Une dizaine de fromages sont proposés sur chariot, chacun se fait plaisir en sélectionnant ses petits favoris.
Fruits et légumes rouges à l’orgeat, frigolite d’ananas et curry, sorbet poivrons-framboises
Champagne Boucheron, brut non millésimé
Un premier dessert, annoncé comme « prélude au dessert » et qui ravit les amateurs de fruits rouges. C’est effectivement excellent et je suis fasciné par la saveur de cette frigolithe ananas-curry. Voilà deux saveurs improbables qui fonctionnent bien ensemble. Le sorbet poivron/framboise vaut lui aussi le détour. Un dessert sur la fraicheur qui régale nos papilles déjà bien sollicitées à ce moment du repas.

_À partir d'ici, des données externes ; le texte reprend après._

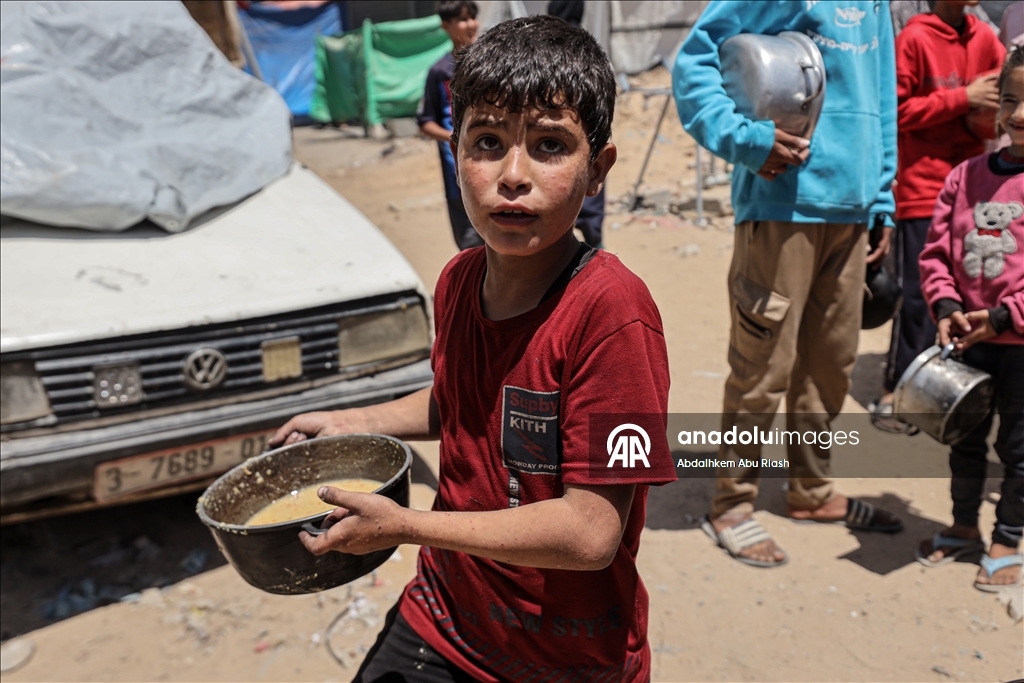 Palestinians flock to aid distribution points in Gaza amid ongoing Israeli attacks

Etant là pour fêter un anniversaire en famille, la maison nous offre le champagne, généreuse attention, une de plus !
Sablé breton, caramel, chocolat, amandes
Champagne Boucheron, brut non millésimé
On finit ce menu avec ce dessert sur des saveurs plus sucrées et un nouveau jeu de textures. Inutile de vous dire que c’était à nouveau excellent, très bien réalisé, bien présenté et surtout bien équilibré.
Les mignardises
Nous finissons notre repas en terrasse, il est déjà 18h… mais nous resterons encore quelques minutes le temps de prendre thés et cafés et déguster ces dernières mignardises.
19h : nous quittons Le Cor de Chasse non sans avoir échangé quelques mots avec Aurore et Mario, une rencontre tout en gentillesse, simplicité et humilité, les félicitant pour cet excellent repas et les remerciant pour toutes leurs petites attentions.
Je suis personnellement d’autant plus ravi que cela faisait quelques temps que je voulais venir chez eux et que ce repas m’a simplement comblé, répondant aux attentes que j’avais en venant les visiter.
A l’exception du tendron / foie gras que j’ai trouvé en retrait, les autres mets étaient d’excellent niveau justifiant facilement ce premier macaron, avec en point d’orgue la barbue, le homard et le pigeon qui resteront longtemps dans nos mémoires.
La cuisine du Cor du Chasse est une cuisine très personnelle, créative, totalement assumée, tantôt provocante, tantôt ludique, mais toujours avec une volonté de faire plaisir en associant originalité et qualité de produits, précision des cuissons et équilibre des saveurs.
Pour transmettre ce plaisir, le service en salle se met au diapason de cette cuisine : détendu mais professionnel et attentif, la dimension humaine n’est pas occultée, on souhaite que le client se sente comme chez lui et l’objectif est atteint.
Côté vins, le rapport qualité/prix du forfait était plus que correct. On ne pouvait s’attendre à de grands flacons mais les vins proposés avaient chacun leur intérêt et leur place sur ce menu.
Sur la route nous ramenant sur Bruxelles, je réalise que ce plat pays qui est le mien dispose vraiment de quelques pépites gastronomiques méritant le détour. Avec le Cor de Chasse, je suis heureux d’en connaître une de plus, nul doute que je me ferai un plaisir d’y retourner – d’autant que le restaurant dispose de quelques chambres joliment décorées sur place…
Merci encore à Mario et Aurore pour leur accueil et ce beau moment de plaisir à table.